WILMINGTON — Flying Machine Brewing Company will begin distributing to the coastal South Carolina market next month, marking the first time a brewery in the Cape Fear region will distribute across state lines on an ongoing basis, according to co-founder Grant Steadman.
The brewery, which hit the Wilmington market in late 2018 with a 16,000-square-foot taproom and brewhouse capable of producing 20,000 barrels a year, has signed with Rafa Distributing to sell cans, bottles, and kegs primarily in Charleston and Myrtle Beach. Unlike North Carolina, where breweries are allowed to self-distribute their products, its southern neighbor requires craft breweries to sell through wholesale middlemen.
RELATED: Flying Machine hits Wilmington craft beer market with new cans, eyes westward expansion
Flying Machine co-founder Grant Steadman said the brewery will focus on distributing its rotating fruited sours as well as its diverse selection of New England and West Coast-style IPAs. But all canned beers will be on the table, including the Vimana Kölsch, according to Steadman.

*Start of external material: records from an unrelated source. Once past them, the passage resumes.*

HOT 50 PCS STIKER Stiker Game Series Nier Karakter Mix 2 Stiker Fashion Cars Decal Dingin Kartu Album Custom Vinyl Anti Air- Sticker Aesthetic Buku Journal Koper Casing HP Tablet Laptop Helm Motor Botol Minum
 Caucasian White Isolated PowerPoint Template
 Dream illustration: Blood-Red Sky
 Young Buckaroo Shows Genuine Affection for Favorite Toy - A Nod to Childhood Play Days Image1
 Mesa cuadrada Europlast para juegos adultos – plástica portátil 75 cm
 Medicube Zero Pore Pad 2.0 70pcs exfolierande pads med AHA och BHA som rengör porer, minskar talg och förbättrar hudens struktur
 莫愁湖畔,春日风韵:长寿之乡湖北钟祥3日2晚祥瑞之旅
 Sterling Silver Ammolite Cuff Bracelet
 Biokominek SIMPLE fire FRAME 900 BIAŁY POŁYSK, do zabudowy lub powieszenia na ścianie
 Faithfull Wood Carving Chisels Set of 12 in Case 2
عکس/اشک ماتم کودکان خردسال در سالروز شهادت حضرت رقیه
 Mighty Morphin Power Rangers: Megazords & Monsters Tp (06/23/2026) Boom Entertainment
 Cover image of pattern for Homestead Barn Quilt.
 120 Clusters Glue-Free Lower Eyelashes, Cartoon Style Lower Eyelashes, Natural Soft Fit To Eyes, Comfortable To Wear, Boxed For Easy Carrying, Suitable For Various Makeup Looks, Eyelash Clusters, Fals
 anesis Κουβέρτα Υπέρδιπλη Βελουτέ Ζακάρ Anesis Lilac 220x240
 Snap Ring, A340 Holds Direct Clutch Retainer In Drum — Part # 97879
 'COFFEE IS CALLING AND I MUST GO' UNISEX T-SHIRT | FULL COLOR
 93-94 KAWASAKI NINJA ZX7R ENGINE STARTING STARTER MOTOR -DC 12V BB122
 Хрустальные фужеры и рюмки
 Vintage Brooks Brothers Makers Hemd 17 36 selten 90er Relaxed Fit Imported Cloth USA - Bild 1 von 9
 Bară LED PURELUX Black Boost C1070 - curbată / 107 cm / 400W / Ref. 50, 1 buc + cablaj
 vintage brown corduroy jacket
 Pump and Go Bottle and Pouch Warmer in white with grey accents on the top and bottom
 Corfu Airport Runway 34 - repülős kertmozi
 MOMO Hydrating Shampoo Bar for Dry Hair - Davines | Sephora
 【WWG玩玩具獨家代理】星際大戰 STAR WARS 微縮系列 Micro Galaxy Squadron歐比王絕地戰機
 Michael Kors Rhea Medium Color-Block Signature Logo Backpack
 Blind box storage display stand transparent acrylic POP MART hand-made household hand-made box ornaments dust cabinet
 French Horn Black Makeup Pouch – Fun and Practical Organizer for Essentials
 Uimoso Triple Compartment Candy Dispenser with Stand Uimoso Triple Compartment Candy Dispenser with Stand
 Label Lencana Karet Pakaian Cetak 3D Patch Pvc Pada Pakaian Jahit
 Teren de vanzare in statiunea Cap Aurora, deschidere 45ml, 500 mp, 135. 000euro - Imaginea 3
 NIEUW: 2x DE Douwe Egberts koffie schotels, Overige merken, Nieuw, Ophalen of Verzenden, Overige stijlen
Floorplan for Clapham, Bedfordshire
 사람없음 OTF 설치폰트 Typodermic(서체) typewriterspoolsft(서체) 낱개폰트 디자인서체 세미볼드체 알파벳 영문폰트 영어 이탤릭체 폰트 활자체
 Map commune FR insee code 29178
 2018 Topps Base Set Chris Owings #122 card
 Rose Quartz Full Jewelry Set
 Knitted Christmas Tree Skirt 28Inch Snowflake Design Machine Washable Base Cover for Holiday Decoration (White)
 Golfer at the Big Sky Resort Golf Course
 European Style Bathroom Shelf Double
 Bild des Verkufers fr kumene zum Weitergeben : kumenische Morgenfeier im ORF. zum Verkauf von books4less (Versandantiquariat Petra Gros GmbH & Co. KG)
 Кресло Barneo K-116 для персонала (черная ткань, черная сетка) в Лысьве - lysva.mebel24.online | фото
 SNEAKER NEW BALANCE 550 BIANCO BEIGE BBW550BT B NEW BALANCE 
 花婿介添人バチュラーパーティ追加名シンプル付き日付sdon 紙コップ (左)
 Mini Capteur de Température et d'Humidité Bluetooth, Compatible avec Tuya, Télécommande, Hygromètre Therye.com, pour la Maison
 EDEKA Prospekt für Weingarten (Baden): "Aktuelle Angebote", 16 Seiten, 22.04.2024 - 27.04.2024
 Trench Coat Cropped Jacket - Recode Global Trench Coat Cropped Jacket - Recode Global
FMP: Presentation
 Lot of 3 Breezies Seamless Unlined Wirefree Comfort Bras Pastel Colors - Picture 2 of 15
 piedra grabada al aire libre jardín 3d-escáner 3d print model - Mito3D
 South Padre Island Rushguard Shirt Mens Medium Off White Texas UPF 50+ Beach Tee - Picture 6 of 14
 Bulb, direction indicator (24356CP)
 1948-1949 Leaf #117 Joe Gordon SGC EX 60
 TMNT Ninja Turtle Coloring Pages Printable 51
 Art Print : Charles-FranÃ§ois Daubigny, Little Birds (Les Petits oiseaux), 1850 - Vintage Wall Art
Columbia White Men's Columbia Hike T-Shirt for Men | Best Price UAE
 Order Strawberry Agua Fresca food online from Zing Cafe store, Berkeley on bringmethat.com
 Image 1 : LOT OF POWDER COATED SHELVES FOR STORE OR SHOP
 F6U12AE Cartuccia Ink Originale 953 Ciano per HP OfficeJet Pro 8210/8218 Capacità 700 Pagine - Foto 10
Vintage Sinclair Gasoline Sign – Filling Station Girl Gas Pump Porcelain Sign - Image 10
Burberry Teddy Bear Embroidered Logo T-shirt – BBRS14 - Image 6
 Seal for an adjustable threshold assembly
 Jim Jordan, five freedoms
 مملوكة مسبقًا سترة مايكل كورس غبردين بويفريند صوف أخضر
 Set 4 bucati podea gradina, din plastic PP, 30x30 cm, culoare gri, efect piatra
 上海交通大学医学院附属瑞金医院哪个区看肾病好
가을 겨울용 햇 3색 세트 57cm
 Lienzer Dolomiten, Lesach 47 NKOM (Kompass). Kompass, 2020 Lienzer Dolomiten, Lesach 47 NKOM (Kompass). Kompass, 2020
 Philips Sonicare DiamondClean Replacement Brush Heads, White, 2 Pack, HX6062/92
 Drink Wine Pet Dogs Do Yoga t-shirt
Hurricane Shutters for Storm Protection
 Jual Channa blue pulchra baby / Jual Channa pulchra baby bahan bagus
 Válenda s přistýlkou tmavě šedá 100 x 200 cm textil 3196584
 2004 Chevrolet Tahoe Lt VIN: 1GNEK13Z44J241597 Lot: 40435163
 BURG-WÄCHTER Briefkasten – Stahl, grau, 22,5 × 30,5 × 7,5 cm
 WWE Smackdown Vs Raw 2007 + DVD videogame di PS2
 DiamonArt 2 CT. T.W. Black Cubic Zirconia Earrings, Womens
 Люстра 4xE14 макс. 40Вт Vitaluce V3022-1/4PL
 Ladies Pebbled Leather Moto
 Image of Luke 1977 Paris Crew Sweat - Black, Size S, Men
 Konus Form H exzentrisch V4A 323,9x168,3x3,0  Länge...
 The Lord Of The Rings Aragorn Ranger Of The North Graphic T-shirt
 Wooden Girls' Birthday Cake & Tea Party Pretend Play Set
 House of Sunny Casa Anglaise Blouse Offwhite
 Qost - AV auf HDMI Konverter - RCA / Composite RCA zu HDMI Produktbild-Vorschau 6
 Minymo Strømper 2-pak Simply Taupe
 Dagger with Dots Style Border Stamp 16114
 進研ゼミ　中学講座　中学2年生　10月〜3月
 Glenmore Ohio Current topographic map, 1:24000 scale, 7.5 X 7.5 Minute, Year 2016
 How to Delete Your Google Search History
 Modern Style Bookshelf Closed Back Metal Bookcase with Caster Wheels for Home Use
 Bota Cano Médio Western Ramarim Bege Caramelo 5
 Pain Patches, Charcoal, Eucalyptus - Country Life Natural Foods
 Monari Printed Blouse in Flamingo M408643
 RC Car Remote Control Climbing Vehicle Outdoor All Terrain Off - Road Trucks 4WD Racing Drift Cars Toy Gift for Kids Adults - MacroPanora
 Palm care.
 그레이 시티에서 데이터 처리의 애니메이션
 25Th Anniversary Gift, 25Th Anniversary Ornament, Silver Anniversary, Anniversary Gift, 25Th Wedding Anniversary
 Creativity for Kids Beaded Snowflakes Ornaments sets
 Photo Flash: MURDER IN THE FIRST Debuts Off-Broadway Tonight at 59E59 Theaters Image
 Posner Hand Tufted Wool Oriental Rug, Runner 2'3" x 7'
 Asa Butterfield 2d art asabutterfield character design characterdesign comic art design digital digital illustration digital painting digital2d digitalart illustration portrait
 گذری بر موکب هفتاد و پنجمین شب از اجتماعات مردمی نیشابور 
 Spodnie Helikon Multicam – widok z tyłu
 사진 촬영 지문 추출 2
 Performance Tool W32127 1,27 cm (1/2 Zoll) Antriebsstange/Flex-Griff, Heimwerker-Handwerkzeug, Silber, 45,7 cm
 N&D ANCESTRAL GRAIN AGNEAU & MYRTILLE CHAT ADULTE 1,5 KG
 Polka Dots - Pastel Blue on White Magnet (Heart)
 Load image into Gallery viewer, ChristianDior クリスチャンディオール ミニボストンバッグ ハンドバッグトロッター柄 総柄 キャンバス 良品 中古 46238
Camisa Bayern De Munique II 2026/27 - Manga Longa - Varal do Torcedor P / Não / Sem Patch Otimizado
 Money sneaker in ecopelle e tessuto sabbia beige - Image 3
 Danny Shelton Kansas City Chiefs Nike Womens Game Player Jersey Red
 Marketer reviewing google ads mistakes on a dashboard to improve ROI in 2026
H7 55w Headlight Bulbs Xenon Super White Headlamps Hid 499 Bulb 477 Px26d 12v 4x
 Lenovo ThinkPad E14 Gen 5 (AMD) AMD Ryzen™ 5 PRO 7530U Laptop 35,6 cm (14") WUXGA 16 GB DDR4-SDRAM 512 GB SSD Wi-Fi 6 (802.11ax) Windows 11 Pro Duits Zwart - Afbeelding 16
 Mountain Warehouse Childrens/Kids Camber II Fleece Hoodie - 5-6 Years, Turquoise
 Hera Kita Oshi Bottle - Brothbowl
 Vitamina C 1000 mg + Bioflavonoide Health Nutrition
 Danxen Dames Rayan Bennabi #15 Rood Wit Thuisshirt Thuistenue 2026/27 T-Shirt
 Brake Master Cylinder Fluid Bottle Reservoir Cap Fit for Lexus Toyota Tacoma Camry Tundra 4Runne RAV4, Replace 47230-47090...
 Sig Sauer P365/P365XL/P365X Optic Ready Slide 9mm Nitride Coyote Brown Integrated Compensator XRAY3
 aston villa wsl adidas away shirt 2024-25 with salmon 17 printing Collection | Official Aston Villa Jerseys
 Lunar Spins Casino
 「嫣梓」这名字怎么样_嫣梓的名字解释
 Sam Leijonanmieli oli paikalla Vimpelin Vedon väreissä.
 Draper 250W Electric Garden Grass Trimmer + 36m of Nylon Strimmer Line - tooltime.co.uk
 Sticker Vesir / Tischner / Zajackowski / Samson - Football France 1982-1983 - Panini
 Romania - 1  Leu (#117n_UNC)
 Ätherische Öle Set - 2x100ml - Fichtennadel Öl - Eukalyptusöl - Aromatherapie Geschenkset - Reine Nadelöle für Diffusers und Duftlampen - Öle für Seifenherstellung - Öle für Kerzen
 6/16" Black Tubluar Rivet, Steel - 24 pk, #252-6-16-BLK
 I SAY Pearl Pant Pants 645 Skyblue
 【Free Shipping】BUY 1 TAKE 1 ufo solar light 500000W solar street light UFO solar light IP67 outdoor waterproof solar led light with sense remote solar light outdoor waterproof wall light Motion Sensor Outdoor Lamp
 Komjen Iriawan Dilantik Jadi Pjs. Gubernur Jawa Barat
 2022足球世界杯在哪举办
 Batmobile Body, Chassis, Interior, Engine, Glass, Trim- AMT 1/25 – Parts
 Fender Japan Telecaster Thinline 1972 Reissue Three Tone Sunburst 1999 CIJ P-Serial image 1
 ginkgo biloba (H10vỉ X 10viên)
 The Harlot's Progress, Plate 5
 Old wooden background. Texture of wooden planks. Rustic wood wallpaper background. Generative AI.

And because coastal markets gravitate toward easy-to-drink, low-alcohol beers, Steadman said he’ll showcase Flying Machine’s lager beers south of the state line.
“That’s one thing we do that not all craft breweries focus on — a good lager program with ABVs lower than what you typically see in other breweries,” Steadman said. “I think it definitely plays well in the beach market, and it’s also starting to become trendier as well to have lagers.”
Because the lagering process requires more time for the beer to sit inside fermenter tanks, breweries with larger production facilities typically have an easier go at brewing a beer that was once lagered in Munich caves during medieval times. And because they require a technically difficult brewing process with a low margin of error, according to Steadman, many breweries stay focused on other beer styles.
“There’s not a lot that you can hide behind on a lager,” Steadman said.
He also said the brewery’s barrel-aging program is entering its second year, and as more of its sour beers age, he will be focused on releasing bottles and kegs to specialty bottle shops along coastal South Carolina.
The brewery plans to expand its distribution across South Carolina and into Charlotte and the western region of North Carolina. And its Raleigh presence is growing with a full-time sales representative in the area and deliveries made twice a week, according to Steadman.
“With new territories come new production demands. Right now, we are only at about 10 percent of the eventual production capability of our facility, so our business was built for thoughtful growth into carefully targeted markets while continuing to support a strong taproom,” Steadman said.
The brewhouse is set up to brew an estimated 20,000 barrels a year — well above many local breweries — and Steadman said that last year’s 1,200 barrels produced in 2019 shows how much growth is possible in the years to come.
“It doesn’t necessarily mean we’ll want to build out that facility with the largest tanks we can, but the reason we built it the way we did is so that we wouldn’t have to build another manufacturing facility someday — so that we could stay in our home base of Wilmington and grow from there,” Steadman said.